Irritability and anger in these minors is one of the most recurrent reasons in psychology clinics and centres. Although these reactions are relatively common in these stages, their chronicity and intensity must be controlled.

When these outbursts are too pronounced and occur too often they can be diagnosed as a Mood Disrupting Disorder . Below we discuss its symptoms and treatment, as well as the controversy surrounding this concept.

What is Mood Disrupting Disorder?

Mood Disrupting Disorder (MDD) is a relatively new term in clinical psychology and psychiatry which refers to a disturbance of a child’s mood . During this the child shows manifestations of chronic irritability and mood states that are disproportionate to the situation.

Although these symptoms can also be seen in a wide variety of psychological disorders in children such as bipolar disorder , oppositional defiant disorder or attention deficit hyperactivity disorder (ADHD), the idea of creating a new concept like that of TDDEA was based on the objective of being able to include tantrums and angry outbursts in the diagnosis.

The incorporation into DSM-V of this new label for child behavior has been widely criticized by both professionals in psychology and pedagogy and by researchers in behavioral sciences. One of these criticisms is the questioning of whether it is really necessary to create more labels for child behaviour , since these tend to create a stigma in the child both on a personal and social level.

On the other hand, the diagnostic criteria do not take into account the family, school or social context of the child , which can have a great influence on his/her mood and behaviour and can be the real cause of these outbursts of anger and rage.

Finally, it has been questioned whether this disorder was substantially different from the others already exposed. However, according to some studies there is a disparity in the aetiology, evolution and neurobiological basis.

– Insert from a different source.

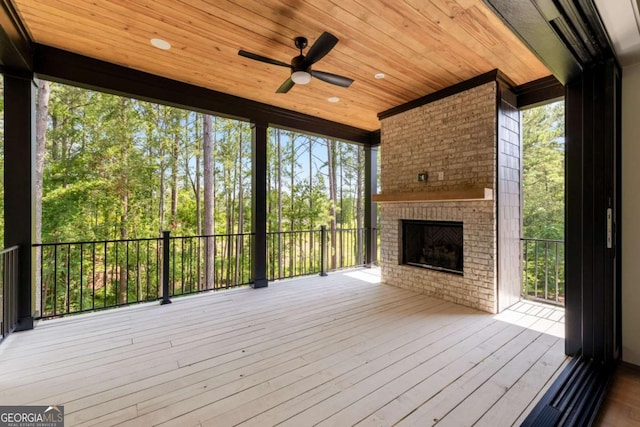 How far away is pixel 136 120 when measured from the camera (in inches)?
291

Differences with pediatric bipolar disorder

There are many cases of suspected disruptive mood disorders which, because of the similarity in the symptomology of the two conditions, have been diagnosed as pediatric bipolar disorder.

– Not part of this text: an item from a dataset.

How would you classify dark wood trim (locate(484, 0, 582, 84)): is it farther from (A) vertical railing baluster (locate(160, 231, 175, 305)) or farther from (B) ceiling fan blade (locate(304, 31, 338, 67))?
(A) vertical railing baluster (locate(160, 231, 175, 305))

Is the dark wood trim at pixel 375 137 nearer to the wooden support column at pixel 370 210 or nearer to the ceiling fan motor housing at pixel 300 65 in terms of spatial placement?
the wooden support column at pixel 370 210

The main difference between the two is that, just as in bipolar disorder the child has well-defined episodes of depressed mood and mania, children diagnosed with TDDEA do not experience these different episodes as precisely or in a limited way.

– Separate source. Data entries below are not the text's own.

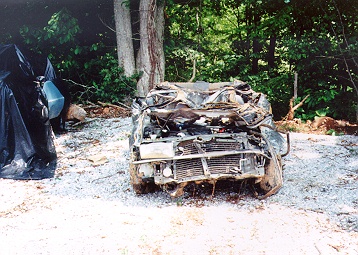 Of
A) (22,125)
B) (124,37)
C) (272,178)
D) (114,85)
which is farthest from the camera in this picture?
(114,85)

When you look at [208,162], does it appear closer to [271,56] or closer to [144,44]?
[144,44]

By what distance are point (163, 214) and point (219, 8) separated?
9543 millimetres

In bipolarity specific episodes are intermingled with moments of euthymia, while in TDDEA periods of change are much more persistent and random.

Symptomatology of TDDEA

In order to make a satisfactory diagnosis of TDDEA, without burdening the child with unnecessary labels, the fifth volume of the Diagnostic and Statistical Manual of Mental Disorders (DSM-V) describes the diagnostic criteria for this disorder, including its symptoms and exceptions.
These criteria are:

  • Symptoms present in children between 6 and 18 years of age
  • Severe and recurrent outbursts of anger in response to common stressors. These outbursts should be incongruent with the child’s developmental level, the mood between bouts of anger should be irritable or irascible, and the average bout of anger should be at least three times a week.
  • Symptoms begin before age 10.
  • Persistent symptomatology for at least 12 months
  • The symptoms have not disappeared for three or more months in a row .
  • The symptoms must appear in at least two of the following contexts: home, school, social context; being severe in at least one of them.
  • The symptomatology cannot be better explained by any other medical condition, nor by the consumption of any drug or substance.
  • The symptoms do not correspond to the criteria of a manic or hypomanic episode for more than one day.
  • The symptoms do not meet the criteria for a major depressive episode.

It is necessary to specify that this diagnosis cannot be made in any case before the age of 6, since in these stages tantrums and outbursts of anger are common and normative.

On the other hand, the DSM-V specifies the inability of this disorder to occur at the same time as bipolar disorder, oppositional defiant disorder, or intermittent explosive disorder.

Effects and consequences of TDDEA

According to the evaluations and studies in the field of child psychology, it is observed that approximately 80% of children under 6 years of age manifest tantrums in a more or less recurrent manner, becoming severe in only 20% of the cases.

For this anger or aggressiveness to be considered as pathological it must interfere in the child’s daily life, as well as in his/her academic performance and in the daily family dynamics.
As far as the family environment is concerned, this disorder tends to generate a great impotence and feeling of disorientation in the parents of the affected children, since they are unable to manage or control the child’s behaviour and acts; fearing to impose too rigid or on the contrary too lax punishments.

As far as the child is concerned, irascible behaviour ends up affecting his relationship with his peers or equals , who do not understand the reason for his behaviour. In addition, the levels of frustration he feels are so high that his attention span ends up diminishing, making his academic progress difficult.

Treatment

Due to the novelty of the concept, the treatment of TDDEA is still under research and development by clinicians. However, the main protocol for intervention in these cases includes the combination of drugs with psychological therapy.

The medication of choice is usually stimulant drugs or antidepressant medication, while psychotherapy consists of an applied behavioural analysis . In addition, the active role of the parents in the treatment is stressed, as they must learn to manage the changes in the child’s mood in the best possible way.

The pharmacological treatment of disruptive mood disorder is another point for which this condition has received numerous criticisms, questioning the real need to medicate children.